The lines to repeat run from the one containing "Suzuki GSX-S125 (2022 - 24) (2)" through the last line of the records below; repeat them exactly and give nothing more.

Segment Start: Material provided

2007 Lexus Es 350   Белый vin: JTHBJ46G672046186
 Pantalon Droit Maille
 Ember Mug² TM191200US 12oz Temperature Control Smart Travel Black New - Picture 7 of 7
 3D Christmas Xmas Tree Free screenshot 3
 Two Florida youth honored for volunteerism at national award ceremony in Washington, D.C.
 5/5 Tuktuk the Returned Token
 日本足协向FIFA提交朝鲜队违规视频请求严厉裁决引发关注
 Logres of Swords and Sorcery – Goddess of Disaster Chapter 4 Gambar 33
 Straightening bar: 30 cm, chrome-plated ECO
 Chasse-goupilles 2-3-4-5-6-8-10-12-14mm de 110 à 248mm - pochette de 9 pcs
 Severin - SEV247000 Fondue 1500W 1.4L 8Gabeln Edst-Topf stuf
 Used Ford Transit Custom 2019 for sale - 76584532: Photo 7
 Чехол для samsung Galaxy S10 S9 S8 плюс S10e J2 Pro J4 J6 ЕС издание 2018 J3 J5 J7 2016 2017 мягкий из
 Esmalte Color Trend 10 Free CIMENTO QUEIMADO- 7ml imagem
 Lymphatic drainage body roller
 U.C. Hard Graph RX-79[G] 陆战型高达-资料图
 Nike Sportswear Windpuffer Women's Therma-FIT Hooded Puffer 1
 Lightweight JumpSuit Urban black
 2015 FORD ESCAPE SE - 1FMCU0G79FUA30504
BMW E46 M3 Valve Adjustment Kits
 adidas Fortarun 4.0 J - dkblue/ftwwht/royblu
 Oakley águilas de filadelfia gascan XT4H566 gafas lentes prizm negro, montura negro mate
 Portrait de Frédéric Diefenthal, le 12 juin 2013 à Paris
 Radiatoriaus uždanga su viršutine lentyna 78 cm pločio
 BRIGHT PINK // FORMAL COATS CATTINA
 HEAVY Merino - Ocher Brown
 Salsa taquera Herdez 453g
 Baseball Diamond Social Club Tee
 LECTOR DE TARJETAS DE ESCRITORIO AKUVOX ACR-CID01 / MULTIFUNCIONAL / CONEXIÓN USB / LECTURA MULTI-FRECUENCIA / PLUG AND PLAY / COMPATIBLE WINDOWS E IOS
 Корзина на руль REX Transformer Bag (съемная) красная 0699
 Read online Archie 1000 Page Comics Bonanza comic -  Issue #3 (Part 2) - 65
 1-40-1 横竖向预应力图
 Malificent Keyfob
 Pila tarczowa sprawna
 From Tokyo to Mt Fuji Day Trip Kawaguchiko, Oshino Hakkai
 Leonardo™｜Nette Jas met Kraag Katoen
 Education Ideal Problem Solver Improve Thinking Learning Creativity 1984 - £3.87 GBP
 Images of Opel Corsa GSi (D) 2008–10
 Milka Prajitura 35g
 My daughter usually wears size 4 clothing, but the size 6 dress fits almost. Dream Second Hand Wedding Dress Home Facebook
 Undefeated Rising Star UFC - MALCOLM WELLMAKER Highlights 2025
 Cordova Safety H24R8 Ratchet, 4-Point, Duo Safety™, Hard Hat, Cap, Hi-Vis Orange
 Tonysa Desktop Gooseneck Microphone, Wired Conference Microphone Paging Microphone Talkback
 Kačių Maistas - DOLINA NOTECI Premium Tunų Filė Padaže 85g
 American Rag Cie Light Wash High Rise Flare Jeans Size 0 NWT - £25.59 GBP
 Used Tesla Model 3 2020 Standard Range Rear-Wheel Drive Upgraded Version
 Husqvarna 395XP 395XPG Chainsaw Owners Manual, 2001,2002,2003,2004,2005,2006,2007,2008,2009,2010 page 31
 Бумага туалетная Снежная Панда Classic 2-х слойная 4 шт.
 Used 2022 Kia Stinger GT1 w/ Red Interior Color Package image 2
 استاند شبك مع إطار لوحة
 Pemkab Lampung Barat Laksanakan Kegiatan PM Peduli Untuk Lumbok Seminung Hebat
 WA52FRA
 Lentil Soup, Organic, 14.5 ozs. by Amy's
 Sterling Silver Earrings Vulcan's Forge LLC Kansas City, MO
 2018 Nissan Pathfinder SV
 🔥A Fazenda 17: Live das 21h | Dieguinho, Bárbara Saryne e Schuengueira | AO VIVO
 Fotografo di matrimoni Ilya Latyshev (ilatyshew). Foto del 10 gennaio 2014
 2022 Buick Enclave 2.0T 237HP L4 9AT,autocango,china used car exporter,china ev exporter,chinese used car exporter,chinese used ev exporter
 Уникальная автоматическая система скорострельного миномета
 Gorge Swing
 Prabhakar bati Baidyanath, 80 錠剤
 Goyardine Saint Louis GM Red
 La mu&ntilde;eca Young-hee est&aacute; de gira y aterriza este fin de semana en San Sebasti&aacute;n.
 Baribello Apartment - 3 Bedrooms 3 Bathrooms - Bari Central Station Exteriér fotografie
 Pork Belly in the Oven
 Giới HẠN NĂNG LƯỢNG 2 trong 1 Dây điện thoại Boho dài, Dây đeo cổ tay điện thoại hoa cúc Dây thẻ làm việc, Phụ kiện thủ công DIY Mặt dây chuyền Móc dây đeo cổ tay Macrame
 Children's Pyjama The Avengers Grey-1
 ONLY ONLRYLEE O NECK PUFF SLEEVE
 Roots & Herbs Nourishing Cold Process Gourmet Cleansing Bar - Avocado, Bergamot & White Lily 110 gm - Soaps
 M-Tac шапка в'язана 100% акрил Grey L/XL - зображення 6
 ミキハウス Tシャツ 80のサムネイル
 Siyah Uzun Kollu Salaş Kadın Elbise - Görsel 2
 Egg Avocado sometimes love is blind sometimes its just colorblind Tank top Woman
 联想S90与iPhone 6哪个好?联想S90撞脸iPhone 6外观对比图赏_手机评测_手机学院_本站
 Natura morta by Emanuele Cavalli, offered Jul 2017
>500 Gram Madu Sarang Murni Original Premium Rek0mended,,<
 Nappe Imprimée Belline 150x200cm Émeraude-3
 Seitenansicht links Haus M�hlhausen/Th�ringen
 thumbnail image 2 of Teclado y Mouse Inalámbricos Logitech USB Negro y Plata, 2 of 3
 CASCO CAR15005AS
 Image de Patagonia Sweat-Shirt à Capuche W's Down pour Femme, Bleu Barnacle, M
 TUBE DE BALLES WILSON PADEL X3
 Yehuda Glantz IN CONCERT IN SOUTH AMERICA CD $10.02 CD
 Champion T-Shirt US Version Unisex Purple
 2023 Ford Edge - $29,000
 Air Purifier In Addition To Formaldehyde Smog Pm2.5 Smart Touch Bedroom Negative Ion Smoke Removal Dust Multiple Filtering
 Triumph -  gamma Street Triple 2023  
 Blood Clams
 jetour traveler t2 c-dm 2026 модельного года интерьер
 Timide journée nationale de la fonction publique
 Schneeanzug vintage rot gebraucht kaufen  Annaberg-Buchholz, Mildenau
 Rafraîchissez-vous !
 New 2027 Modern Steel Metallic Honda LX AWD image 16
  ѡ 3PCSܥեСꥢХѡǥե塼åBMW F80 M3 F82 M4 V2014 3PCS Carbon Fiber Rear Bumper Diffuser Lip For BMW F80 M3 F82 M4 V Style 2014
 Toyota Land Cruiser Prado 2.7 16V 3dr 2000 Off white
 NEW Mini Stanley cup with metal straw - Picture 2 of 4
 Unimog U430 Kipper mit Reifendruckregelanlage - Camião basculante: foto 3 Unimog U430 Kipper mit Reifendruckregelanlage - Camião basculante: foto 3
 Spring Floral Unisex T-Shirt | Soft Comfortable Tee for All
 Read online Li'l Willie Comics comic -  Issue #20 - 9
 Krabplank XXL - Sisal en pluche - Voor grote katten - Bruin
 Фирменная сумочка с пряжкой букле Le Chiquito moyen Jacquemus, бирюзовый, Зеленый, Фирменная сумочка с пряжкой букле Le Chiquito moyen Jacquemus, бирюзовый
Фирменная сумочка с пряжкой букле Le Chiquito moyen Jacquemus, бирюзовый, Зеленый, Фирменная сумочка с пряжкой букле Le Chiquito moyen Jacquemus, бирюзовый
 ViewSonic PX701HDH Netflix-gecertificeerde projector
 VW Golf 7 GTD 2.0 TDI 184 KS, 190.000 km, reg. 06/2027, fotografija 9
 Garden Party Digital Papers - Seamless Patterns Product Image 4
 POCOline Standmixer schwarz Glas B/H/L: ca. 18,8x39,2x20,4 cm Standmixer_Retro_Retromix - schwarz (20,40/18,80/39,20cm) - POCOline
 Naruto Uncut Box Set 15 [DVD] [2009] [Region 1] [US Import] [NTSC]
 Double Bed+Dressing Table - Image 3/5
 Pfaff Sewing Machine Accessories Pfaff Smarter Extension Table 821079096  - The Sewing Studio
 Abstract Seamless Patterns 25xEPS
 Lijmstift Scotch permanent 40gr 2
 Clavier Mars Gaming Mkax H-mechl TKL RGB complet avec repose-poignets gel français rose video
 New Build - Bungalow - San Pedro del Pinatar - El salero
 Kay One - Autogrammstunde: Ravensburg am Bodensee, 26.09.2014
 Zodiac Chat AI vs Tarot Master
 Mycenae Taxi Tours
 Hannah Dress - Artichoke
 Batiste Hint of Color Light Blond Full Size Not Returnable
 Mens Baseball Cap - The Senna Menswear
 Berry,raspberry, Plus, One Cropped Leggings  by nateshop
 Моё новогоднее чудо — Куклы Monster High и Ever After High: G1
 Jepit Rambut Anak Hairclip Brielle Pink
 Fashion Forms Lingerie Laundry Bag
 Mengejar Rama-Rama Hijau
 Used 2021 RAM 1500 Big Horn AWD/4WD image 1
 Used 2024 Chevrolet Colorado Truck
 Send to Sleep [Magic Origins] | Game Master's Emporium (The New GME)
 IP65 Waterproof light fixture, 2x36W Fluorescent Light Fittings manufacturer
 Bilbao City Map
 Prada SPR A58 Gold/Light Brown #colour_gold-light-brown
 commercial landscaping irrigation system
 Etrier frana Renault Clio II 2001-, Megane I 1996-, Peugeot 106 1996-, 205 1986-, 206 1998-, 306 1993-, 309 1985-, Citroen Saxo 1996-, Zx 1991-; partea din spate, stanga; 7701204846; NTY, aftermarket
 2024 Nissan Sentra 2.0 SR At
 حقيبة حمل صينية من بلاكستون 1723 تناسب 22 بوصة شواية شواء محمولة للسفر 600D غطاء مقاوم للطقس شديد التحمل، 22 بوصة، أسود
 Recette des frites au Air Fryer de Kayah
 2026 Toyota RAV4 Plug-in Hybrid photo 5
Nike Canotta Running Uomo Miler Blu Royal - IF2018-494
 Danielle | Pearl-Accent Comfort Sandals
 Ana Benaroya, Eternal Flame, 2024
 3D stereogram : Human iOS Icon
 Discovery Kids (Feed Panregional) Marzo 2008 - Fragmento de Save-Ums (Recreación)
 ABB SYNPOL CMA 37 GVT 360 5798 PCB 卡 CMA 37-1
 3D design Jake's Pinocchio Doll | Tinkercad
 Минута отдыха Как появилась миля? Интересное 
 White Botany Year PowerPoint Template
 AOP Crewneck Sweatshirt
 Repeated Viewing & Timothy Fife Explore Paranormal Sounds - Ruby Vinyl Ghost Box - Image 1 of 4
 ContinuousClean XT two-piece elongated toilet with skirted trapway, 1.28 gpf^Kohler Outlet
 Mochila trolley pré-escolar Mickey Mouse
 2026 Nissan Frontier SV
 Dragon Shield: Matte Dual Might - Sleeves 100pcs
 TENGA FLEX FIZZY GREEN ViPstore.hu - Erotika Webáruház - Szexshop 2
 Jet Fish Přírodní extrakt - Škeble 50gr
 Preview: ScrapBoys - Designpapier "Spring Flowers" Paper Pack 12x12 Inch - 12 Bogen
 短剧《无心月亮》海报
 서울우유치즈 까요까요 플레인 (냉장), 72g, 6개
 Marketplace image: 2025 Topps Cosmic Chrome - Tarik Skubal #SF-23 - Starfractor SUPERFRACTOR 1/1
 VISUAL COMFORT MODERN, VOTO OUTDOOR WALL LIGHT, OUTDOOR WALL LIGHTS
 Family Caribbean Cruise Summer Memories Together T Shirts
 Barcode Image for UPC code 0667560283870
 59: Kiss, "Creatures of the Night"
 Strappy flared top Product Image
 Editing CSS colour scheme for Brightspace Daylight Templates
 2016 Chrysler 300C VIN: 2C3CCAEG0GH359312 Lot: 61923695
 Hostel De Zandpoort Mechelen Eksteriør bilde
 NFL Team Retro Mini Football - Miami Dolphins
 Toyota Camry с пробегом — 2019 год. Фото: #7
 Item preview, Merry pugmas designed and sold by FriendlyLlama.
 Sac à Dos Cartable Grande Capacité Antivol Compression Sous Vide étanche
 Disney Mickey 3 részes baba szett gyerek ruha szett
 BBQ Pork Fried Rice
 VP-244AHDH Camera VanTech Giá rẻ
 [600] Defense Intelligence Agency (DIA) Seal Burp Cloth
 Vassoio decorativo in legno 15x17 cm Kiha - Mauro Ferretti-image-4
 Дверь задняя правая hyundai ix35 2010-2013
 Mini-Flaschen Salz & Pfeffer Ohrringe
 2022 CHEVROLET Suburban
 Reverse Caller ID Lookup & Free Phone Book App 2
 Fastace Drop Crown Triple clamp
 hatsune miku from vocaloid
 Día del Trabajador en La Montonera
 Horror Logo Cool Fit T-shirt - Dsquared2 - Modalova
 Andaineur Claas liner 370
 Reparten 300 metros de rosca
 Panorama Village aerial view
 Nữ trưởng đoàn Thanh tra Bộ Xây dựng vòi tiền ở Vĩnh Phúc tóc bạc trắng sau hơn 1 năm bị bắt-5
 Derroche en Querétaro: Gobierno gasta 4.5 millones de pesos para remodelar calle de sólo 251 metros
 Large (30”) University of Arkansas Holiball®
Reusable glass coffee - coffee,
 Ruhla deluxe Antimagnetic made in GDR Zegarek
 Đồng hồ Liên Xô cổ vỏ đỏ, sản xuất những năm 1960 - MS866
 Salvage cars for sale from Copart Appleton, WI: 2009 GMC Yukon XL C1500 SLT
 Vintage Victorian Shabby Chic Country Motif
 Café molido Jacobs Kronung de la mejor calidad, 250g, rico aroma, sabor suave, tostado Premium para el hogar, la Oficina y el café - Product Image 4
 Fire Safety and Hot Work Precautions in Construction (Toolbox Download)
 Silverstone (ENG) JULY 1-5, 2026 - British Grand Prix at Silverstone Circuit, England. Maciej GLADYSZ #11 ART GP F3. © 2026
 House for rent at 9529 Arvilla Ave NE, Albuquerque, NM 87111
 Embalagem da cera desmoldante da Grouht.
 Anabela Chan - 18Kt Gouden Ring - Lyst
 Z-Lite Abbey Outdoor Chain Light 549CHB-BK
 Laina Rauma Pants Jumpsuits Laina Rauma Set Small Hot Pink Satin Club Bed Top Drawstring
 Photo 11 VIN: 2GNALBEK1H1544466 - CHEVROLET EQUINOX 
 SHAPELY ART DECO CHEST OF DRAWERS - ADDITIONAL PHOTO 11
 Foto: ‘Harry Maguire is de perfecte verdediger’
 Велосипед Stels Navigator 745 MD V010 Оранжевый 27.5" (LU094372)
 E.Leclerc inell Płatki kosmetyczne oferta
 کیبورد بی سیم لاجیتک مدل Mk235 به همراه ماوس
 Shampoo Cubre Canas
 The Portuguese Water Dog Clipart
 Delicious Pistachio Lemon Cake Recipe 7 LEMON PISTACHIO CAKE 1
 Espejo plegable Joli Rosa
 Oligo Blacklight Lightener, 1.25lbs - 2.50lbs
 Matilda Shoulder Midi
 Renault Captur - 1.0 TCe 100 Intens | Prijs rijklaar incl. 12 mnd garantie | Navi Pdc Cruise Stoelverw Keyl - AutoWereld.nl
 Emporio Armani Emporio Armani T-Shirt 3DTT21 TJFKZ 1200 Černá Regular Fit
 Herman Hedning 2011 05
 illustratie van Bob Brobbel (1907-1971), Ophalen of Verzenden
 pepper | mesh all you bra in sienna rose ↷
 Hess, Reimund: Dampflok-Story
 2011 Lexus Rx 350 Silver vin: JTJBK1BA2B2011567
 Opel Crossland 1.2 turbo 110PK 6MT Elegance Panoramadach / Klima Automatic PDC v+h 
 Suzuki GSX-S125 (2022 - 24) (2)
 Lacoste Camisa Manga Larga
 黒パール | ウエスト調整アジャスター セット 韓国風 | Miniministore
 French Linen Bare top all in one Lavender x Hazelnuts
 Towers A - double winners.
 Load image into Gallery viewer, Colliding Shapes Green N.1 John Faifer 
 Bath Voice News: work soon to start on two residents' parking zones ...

Segment End: Material provided

Solution for this task:
 Suzuki GSX-S125 (2022 - 24) (2)
 Lacoste Camisa Manga Larga
 黒パール | ウエスト調整アジャスター セット 韓国風 | Miniministore
 French Linen Bare top all in one Lavender x Hazelnuts
 Towers A - double winners.
 Load image into Gallery viewer, Colliding Shapes Green N.1 John Faifer 
 Bath Voice News: work soon to start on two residents' parking zones ...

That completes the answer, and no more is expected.